▶ [Exercise description]
Of the entries below, return only those lines from the line with "青岛13年别克GL84" to the line with "Emberek Séta Pihenés", exactly, both included.

[Data extracts — start]

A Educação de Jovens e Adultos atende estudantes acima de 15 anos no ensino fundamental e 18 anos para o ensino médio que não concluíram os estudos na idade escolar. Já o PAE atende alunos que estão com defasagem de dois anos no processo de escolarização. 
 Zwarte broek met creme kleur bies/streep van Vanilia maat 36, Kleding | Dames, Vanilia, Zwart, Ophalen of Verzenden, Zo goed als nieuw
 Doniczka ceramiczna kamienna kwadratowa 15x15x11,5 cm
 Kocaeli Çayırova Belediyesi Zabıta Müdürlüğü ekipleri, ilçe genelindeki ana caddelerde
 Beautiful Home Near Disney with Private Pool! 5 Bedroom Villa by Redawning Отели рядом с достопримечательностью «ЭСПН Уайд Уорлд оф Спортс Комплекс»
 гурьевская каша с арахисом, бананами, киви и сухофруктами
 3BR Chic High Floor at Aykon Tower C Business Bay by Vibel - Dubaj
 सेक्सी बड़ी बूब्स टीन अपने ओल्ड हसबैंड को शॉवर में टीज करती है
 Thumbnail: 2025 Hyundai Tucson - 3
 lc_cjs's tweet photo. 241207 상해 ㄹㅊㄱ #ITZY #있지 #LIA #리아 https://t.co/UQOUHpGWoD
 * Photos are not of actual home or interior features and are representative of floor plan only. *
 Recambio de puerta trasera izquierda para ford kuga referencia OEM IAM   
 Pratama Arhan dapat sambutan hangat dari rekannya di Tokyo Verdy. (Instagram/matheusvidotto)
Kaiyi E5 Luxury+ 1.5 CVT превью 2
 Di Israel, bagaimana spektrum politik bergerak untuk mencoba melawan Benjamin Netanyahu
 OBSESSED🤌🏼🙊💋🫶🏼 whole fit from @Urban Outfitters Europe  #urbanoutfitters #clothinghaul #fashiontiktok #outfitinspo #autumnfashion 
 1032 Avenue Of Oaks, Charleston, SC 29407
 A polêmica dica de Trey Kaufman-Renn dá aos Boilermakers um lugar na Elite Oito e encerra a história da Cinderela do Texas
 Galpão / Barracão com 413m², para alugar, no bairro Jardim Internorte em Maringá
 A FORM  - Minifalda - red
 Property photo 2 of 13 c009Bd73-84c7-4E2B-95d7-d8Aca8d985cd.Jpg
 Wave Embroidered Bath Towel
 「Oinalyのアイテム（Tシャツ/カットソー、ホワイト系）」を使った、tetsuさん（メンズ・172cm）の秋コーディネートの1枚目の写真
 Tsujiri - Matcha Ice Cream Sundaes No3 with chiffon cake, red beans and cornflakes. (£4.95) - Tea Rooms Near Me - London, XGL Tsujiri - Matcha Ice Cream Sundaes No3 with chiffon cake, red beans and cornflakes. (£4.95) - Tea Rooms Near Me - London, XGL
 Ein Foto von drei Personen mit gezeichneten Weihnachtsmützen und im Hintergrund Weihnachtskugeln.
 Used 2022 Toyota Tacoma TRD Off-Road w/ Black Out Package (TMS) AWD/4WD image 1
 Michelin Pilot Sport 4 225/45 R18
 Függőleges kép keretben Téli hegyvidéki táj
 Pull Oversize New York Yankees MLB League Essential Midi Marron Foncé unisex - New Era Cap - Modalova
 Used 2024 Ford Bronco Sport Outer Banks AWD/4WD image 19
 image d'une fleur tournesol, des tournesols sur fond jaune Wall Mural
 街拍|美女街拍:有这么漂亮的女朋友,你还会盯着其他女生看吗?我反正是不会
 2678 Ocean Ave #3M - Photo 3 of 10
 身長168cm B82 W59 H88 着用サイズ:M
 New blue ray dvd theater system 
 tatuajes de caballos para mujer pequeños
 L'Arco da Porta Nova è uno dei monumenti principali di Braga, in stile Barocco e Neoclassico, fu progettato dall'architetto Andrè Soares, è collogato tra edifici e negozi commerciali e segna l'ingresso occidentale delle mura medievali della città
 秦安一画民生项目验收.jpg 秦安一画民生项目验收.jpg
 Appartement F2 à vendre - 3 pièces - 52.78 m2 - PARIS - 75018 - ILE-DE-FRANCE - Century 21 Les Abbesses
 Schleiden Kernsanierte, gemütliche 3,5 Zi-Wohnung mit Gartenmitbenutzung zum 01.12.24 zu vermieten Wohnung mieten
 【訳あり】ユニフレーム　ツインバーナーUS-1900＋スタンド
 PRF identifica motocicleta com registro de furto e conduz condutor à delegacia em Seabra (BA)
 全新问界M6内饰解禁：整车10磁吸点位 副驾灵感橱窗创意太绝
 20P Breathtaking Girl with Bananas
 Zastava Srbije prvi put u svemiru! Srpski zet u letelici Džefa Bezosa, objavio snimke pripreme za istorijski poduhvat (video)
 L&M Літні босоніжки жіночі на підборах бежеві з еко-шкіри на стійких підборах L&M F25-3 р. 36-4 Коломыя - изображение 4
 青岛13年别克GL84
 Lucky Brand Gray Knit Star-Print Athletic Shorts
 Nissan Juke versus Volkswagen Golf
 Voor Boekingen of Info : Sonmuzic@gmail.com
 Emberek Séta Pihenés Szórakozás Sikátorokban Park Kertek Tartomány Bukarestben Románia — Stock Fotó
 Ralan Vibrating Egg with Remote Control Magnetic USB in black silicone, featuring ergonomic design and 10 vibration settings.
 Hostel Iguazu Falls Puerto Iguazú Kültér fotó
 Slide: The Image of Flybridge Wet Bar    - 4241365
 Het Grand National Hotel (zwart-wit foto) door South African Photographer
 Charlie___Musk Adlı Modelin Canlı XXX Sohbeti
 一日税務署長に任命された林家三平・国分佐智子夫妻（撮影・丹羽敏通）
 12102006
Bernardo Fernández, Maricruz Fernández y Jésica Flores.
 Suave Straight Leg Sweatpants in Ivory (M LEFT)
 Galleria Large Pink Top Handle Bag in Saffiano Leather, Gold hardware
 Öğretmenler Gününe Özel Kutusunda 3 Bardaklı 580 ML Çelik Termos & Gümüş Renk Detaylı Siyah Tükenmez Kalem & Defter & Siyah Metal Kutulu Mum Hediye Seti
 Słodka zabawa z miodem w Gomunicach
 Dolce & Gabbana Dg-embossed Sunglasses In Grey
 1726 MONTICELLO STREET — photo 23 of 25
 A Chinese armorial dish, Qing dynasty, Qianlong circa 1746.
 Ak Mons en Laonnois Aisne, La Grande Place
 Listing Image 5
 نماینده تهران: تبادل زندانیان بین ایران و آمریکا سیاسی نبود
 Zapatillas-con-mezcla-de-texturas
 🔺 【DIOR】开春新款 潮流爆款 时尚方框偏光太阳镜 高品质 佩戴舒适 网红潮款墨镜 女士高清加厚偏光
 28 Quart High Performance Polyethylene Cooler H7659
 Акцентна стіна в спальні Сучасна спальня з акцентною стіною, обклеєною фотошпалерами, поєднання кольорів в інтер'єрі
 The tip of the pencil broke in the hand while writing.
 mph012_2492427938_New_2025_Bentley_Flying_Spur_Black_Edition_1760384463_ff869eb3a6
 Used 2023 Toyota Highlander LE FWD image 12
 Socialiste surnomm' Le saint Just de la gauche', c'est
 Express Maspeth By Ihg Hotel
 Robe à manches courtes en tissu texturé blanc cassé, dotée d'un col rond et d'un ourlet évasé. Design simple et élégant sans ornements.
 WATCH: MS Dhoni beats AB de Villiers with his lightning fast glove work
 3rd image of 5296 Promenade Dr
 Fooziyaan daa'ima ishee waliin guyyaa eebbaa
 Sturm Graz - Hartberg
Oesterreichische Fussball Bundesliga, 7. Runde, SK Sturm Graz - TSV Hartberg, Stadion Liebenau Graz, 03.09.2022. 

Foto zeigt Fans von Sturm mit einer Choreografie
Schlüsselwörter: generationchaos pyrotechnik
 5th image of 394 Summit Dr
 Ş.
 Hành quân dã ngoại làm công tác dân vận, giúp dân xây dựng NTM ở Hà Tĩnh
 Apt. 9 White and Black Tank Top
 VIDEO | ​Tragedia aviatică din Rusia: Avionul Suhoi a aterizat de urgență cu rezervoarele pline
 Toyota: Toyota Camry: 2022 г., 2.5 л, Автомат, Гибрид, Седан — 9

[Data extracts — finish]

▶ [Problem solution]
 青岛13年别克GL84
 Lucky Brand Gray Knit Star-Print Athletic Shorts
 Nissan Juke versus Volkswagen Golf
 Voor Boekingen of Info : Sonmuzic@gmail.com
 Emberek Séta Pihenés Szórakozás Sikátorokban Park Kertek Tartomány Bukarestben Románia — Stock Fotó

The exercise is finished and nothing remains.